#### TASK DETAILS
Would you copy exactly the lines in the data below from the one that has "Beige 7' 10" through the one that has "T-Shirt Crop Gang Black & Purple Women", dropping any pictures?

#### RECORDS SUPPLIED
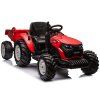 Elektrický traktor na batérie HC-306 s prívesom 24V červený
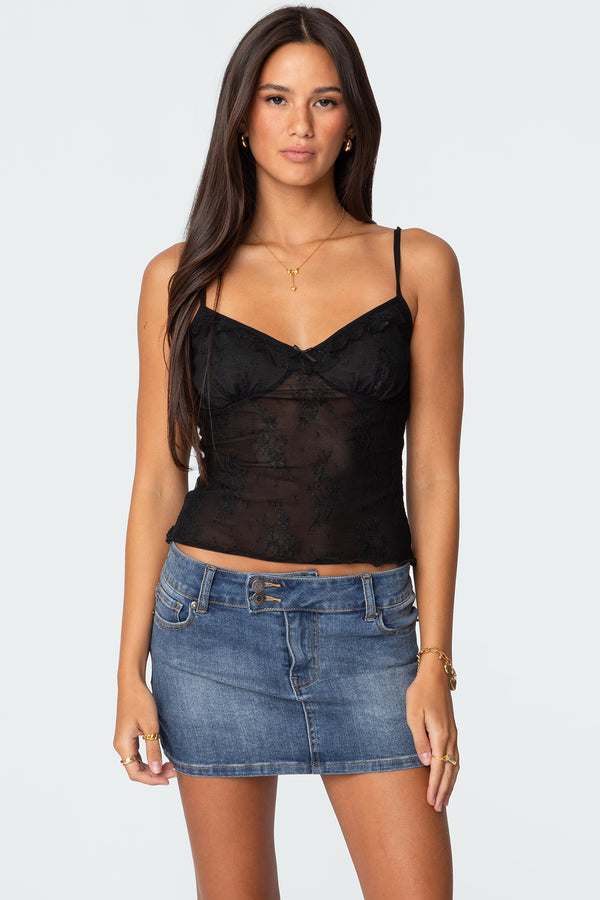 edikted Angelina Sheer Lace Tank Top black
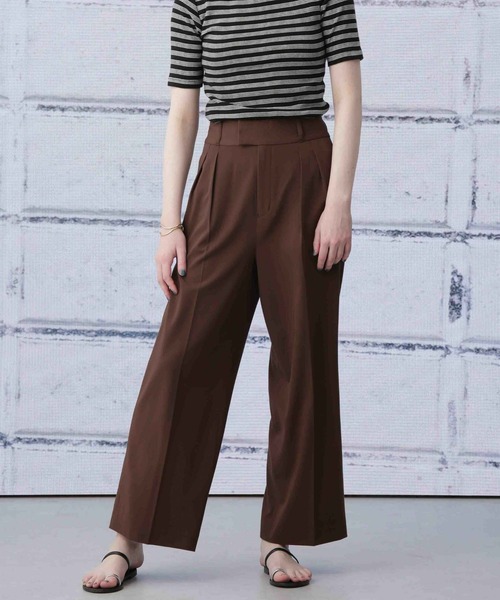 Apo(s)ture(アポスチャー)の「ARIA-008/ギャバストレッチハイウエストワイドパンツ(スラックス・レディース・グレー/ブラック/ベージュ/ブラウン・XS/S/M/L/XL)」の4枚目の写真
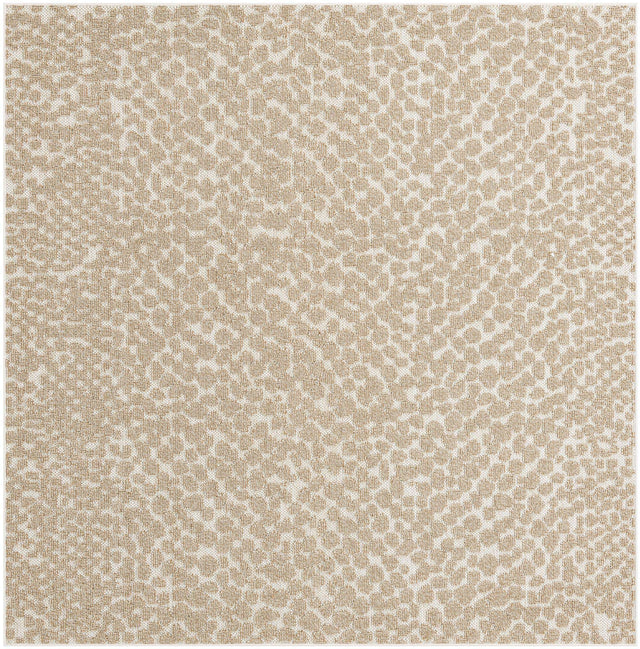 Beige 7' 10 x 7' 10 Symphony Outdoor Square Area Rug Weather Resistant for Patio, Deck, Terrace, Balcony, Porch Durable Outside Carpet for Sale at Rug Engine
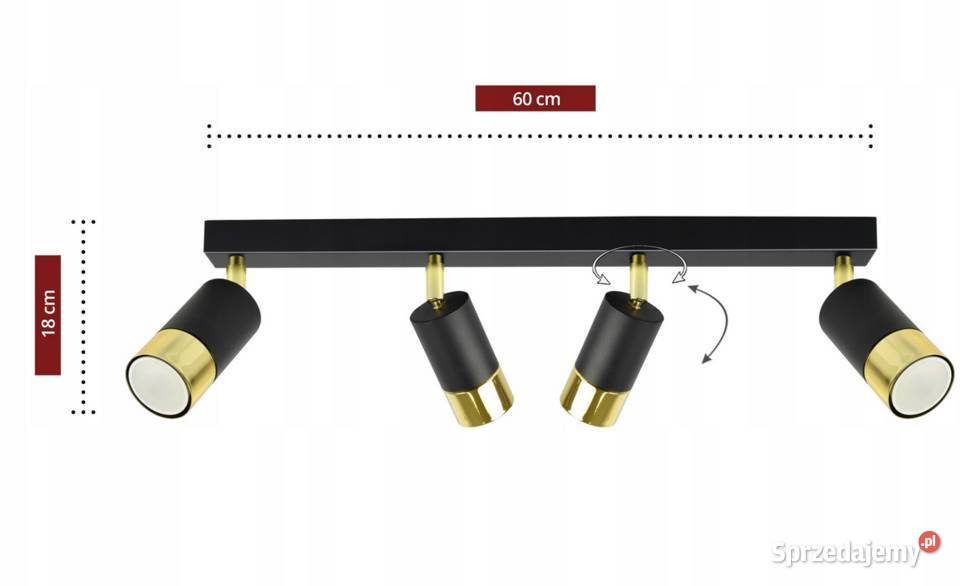 Lampa Sufitowa SPOT Tuby Metal Czarna Złota GU10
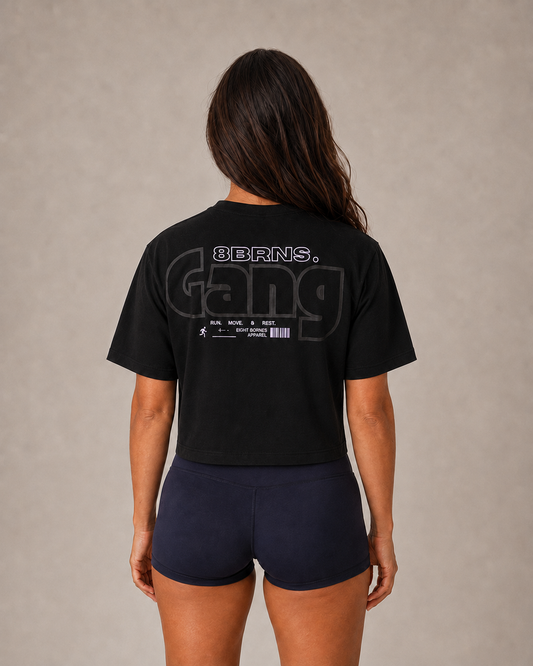 T-Shirt Crop Gang Black & Purple Women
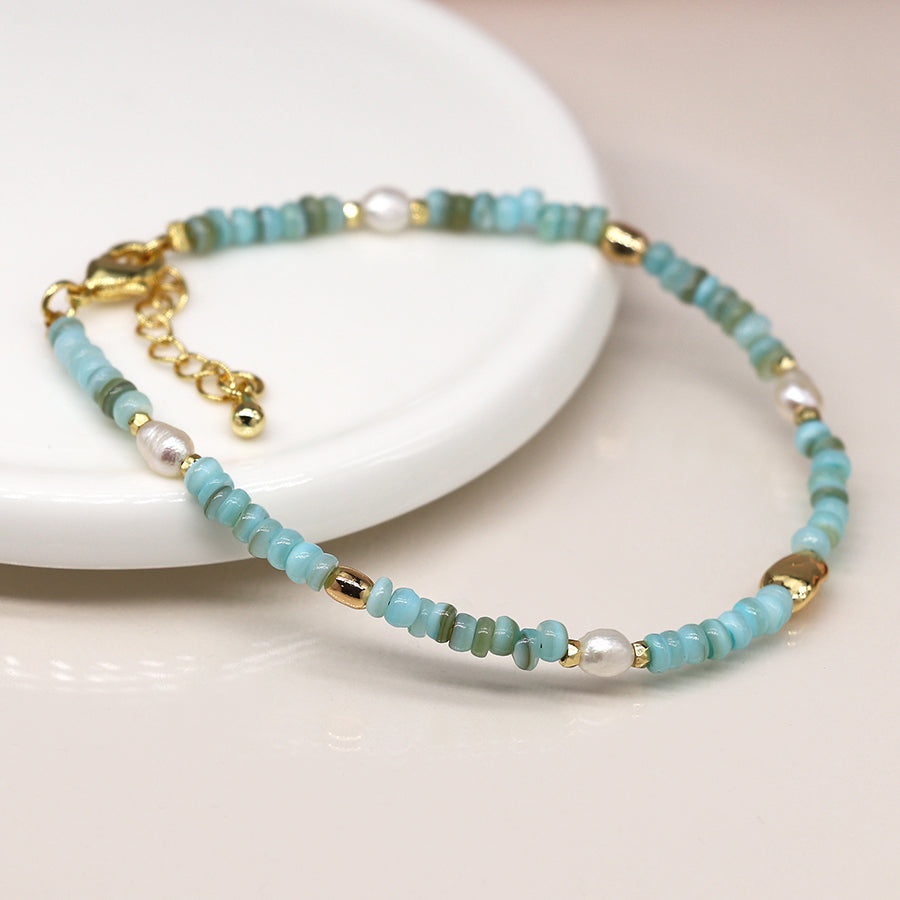 Mixed Aqua Blue, Pearl & Faux Gold Bead Bracelet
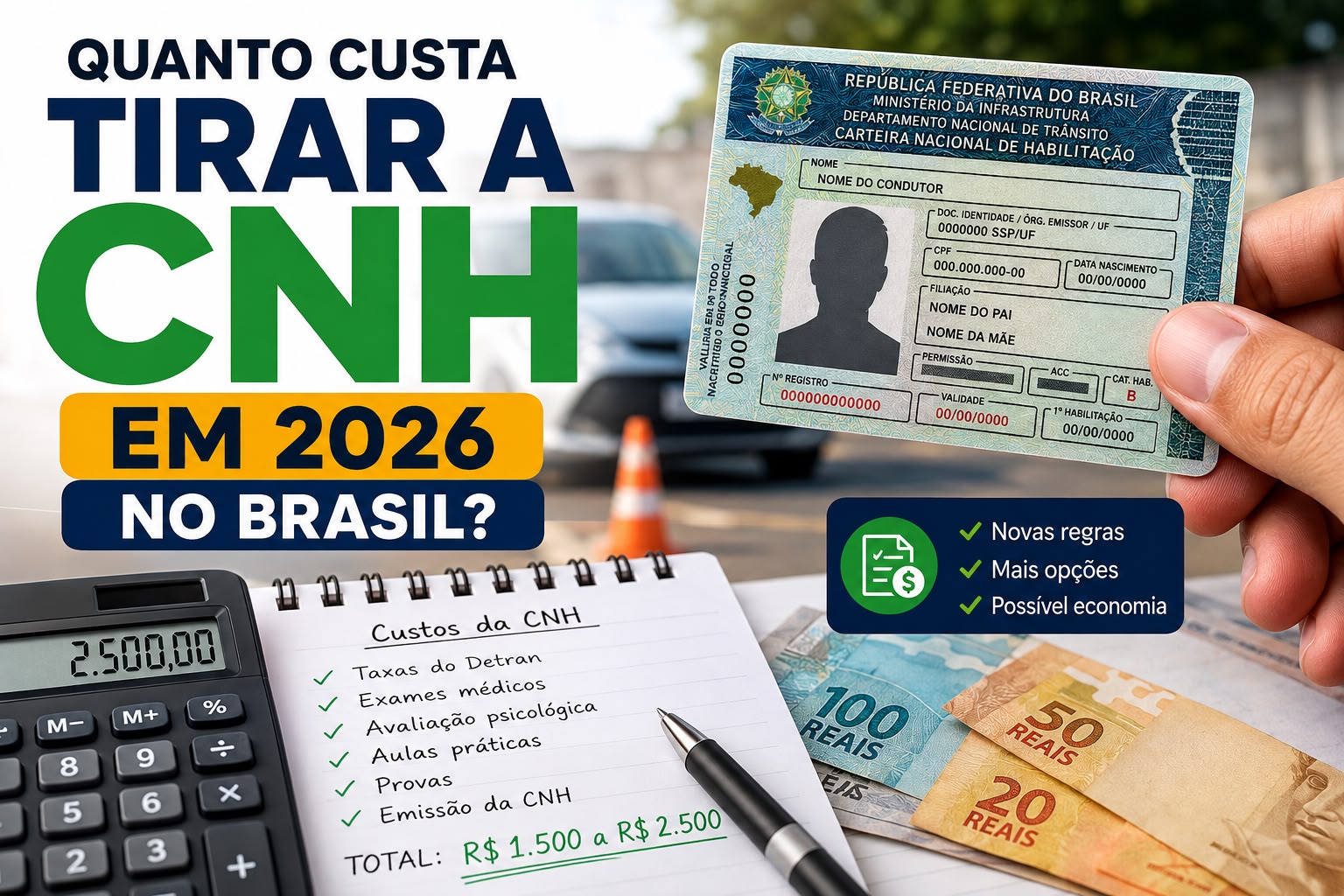 Quanto custa tirar a CNH em 2026 no Brasil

#### EXERCISE RESPONSE
 Beige 7' 10 x 7' 10 Symphony Outdoor Square Area Rug Weather Resistant for Patio, Deck, Terrace, Balcony, Porch Durable Outside Carpet for Sale at Rug Engine
 Lampa Sufitowa SPOT Tuby Metal Czarna Złota GU10
 T-Shirt Crop Gang Black & Purple Women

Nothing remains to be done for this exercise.